◆ Work task: Print out every line of the material exactly. Include no pictures.
[Start of section]
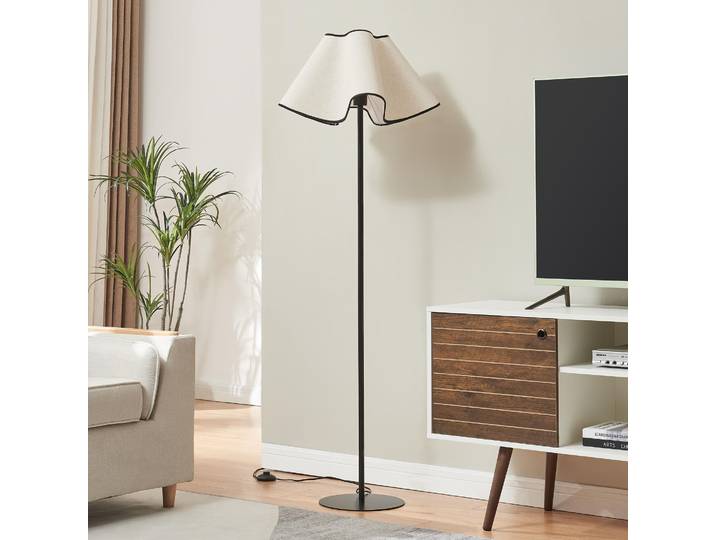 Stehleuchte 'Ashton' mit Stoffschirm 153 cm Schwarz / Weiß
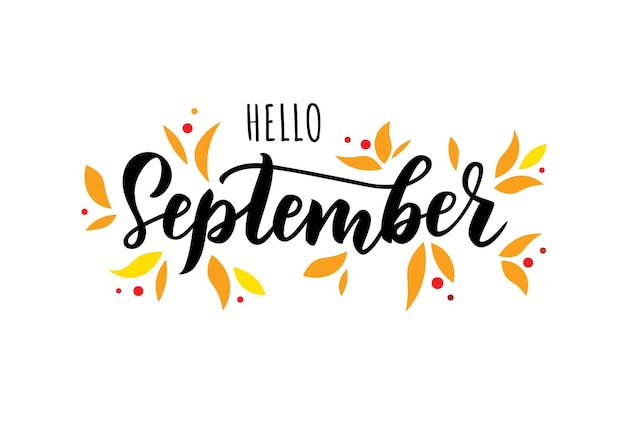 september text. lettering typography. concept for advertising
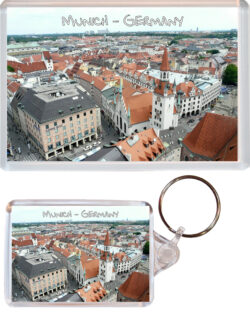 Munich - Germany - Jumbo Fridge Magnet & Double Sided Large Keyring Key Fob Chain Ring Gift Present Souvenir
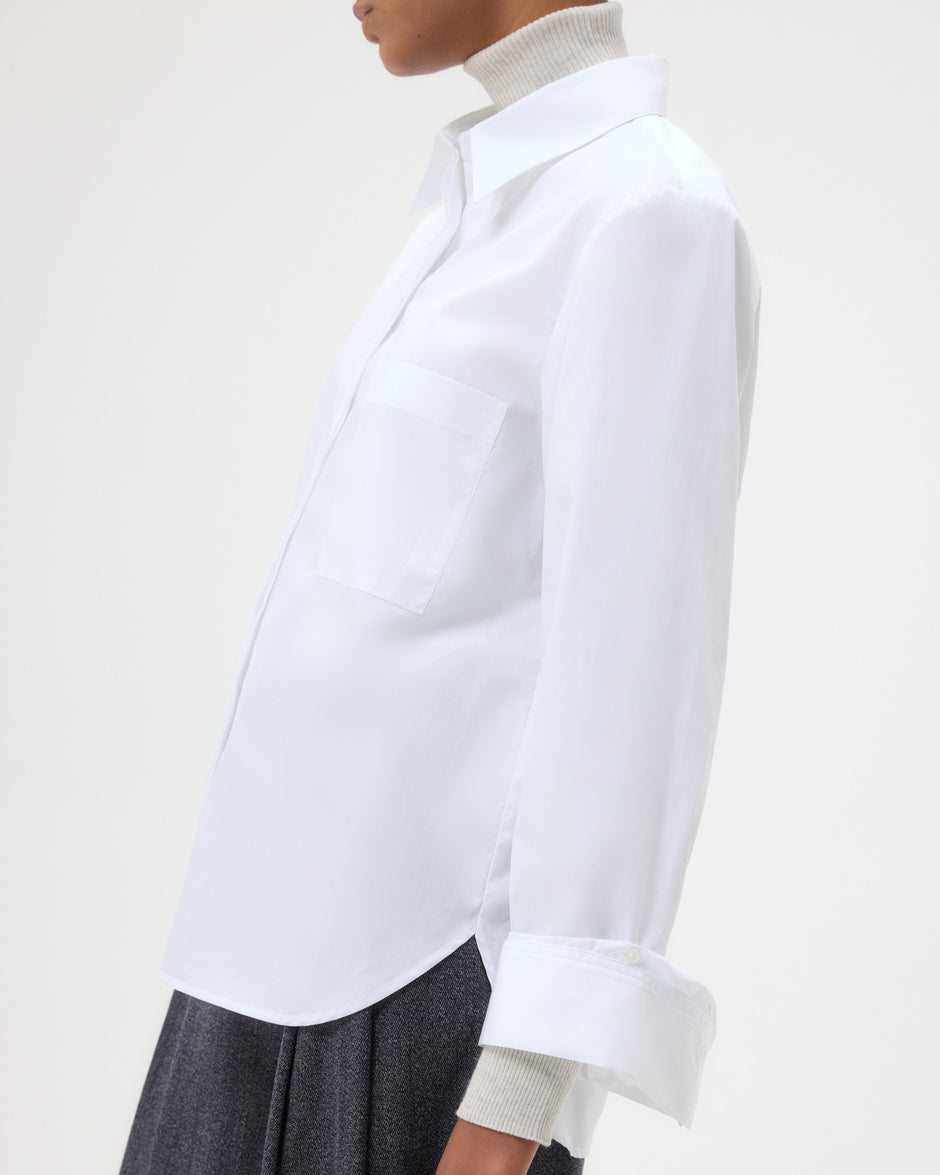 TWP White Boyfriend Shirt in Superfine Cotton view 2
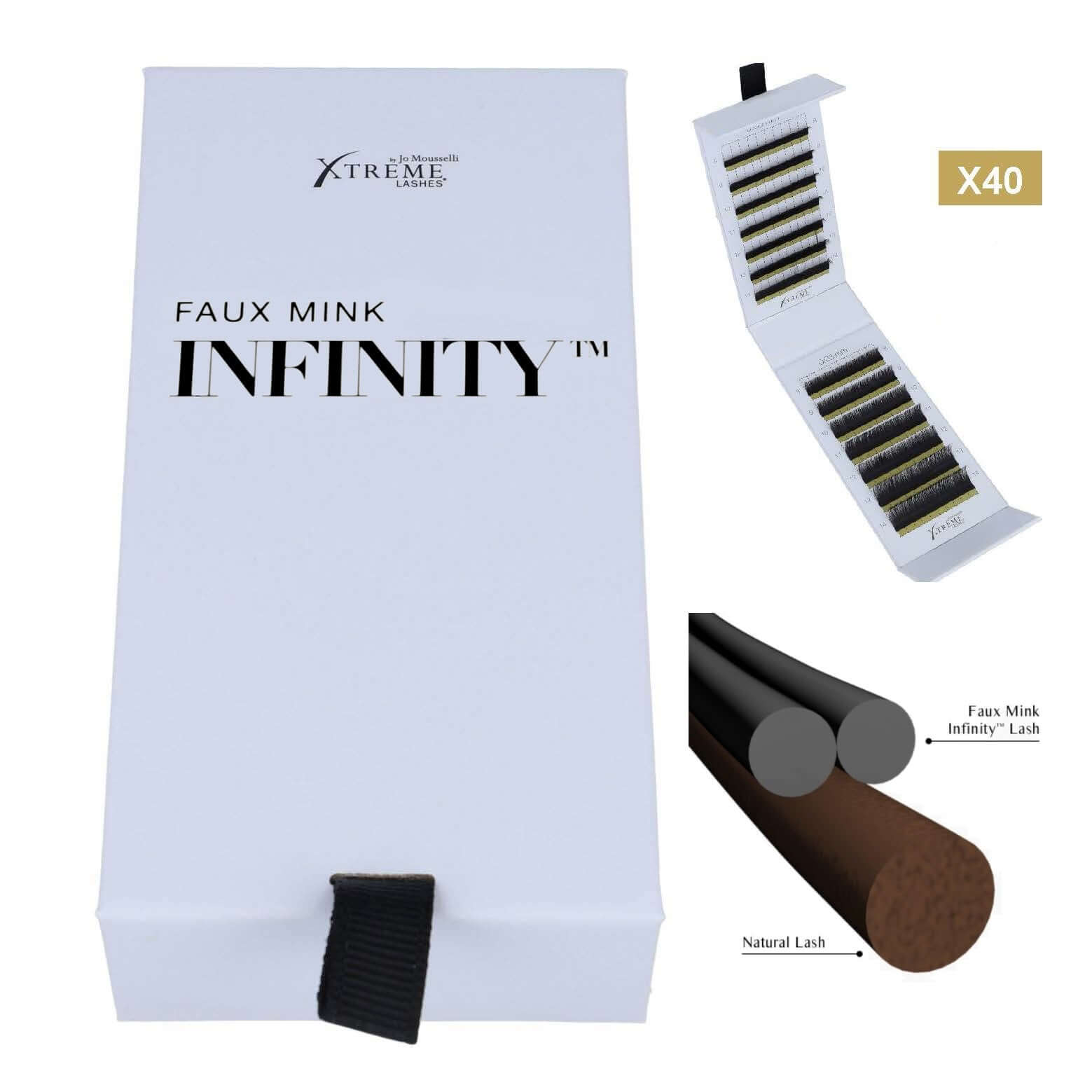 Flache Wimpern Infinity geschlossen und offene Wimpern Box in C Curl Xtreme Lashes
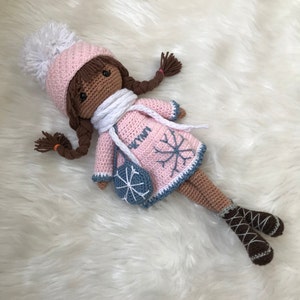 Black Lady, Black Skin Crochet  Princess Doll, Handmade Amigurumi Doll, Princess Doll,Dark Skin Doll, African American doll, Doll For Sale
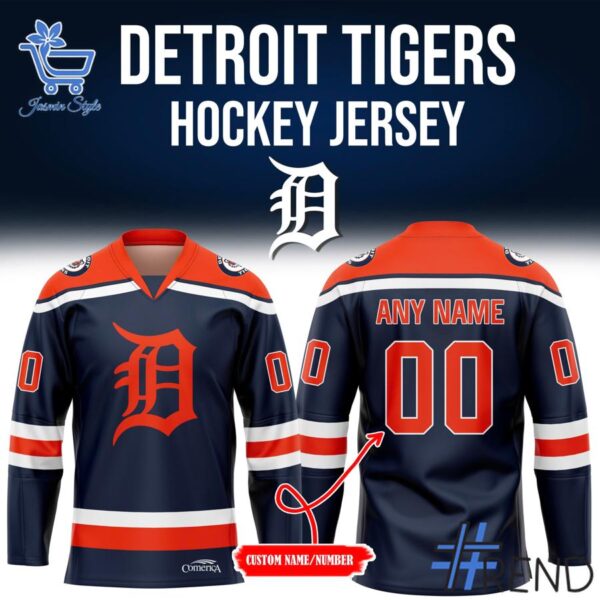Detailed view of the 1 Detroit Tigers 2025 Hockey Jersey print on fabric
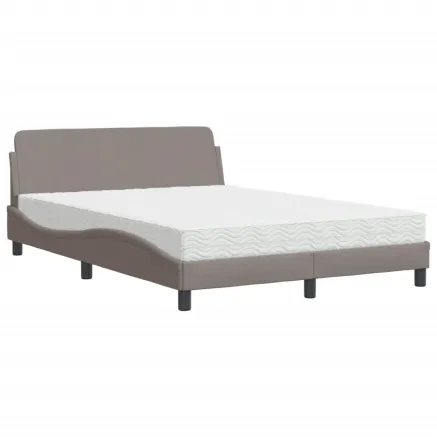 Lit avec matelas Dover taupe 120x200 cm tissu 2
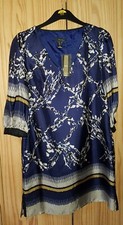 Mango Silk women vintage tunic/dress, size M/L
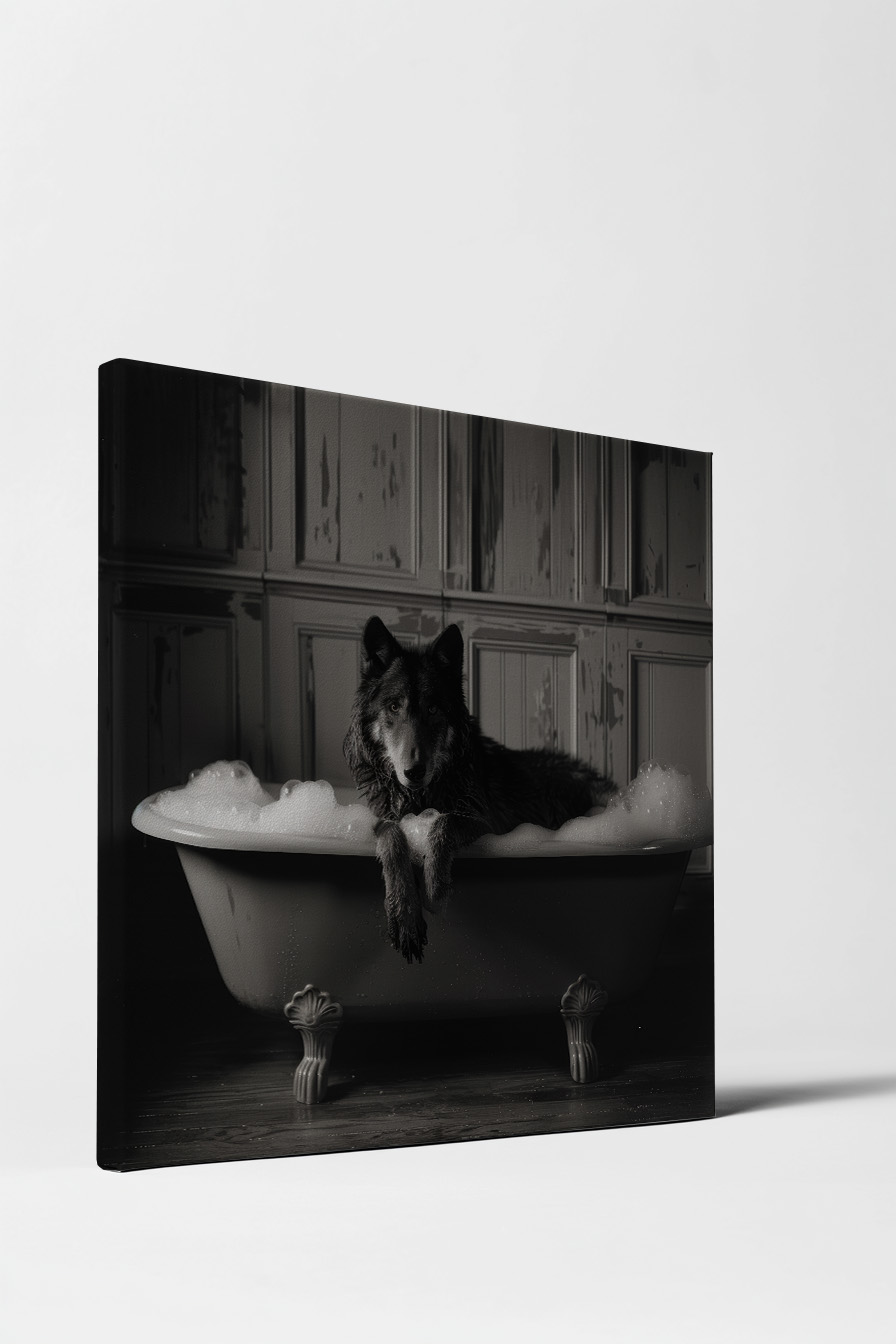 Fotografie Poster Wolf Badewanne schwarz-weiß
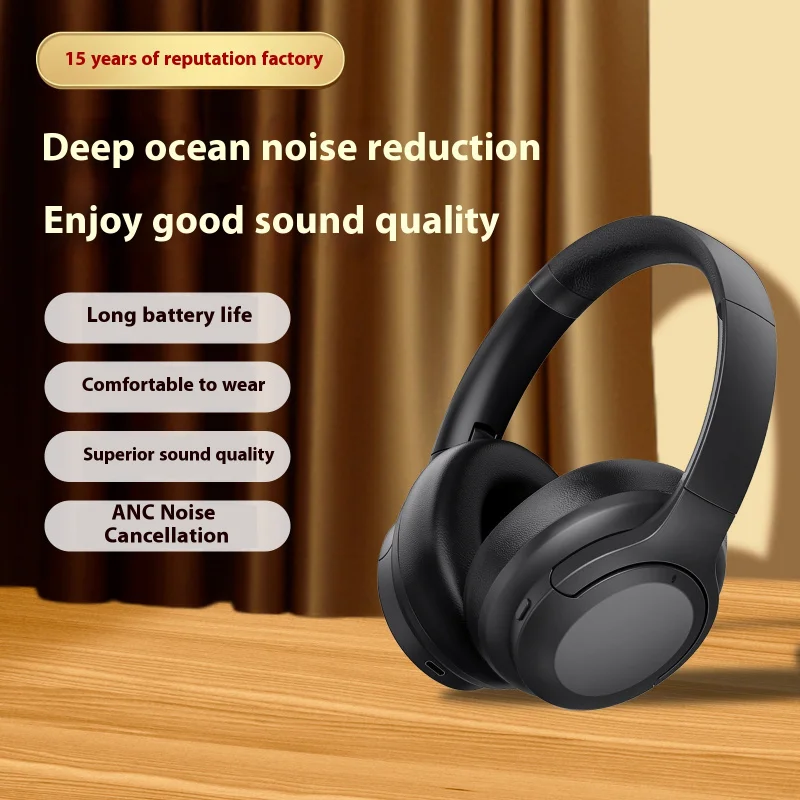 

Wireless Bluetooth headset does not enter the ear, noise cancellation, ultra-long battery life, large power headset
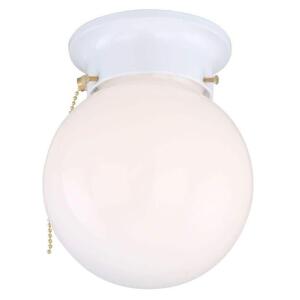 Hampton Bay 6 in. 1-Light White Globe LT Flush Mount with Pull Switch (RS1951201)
[End of section]
◆ Your solution:
 Stehleuchte 'Ashton' mit Stoffschirm 153 cm Schwarz / Weiß
 september text. lettering typography. concept for advertising
 Munich - Germany - Jumbo Fridge Magnet & Double Sided Large Keyring Key Fob Chain Ring Gift Present Souvenir
 TWP White Boyfriend Shirt in Superfine Cotton view 2
 Flache Wimpern Infinity geschlossen und offene Wimpern Box in C Curl Xtreme Lashes
 Black Lady, Black Skin Crochet  Princess Doll, Handmade Amigurumi Doll, Princess Doll,Dark Skin Doll, African American doll, Doll For Sale
Detailed view of the 1 Detroit Tigers 2025 Hockey Jersey print on fabric
 Lit avec matelas Dover taupe 120x200 cm tissu 2
 Mango Silk women vintage tunic/dress, size M/L
 Fotografie Poster Wolf Badewanne schwarz-weiß

Wireless Bluetooth headset does not enter the ear, noise cancellation, ultra-long battery life, large power headset
 Hampton Bay 6 in. 1-Light White Globe LT Flush Mount with Pull Switch (RS1951201)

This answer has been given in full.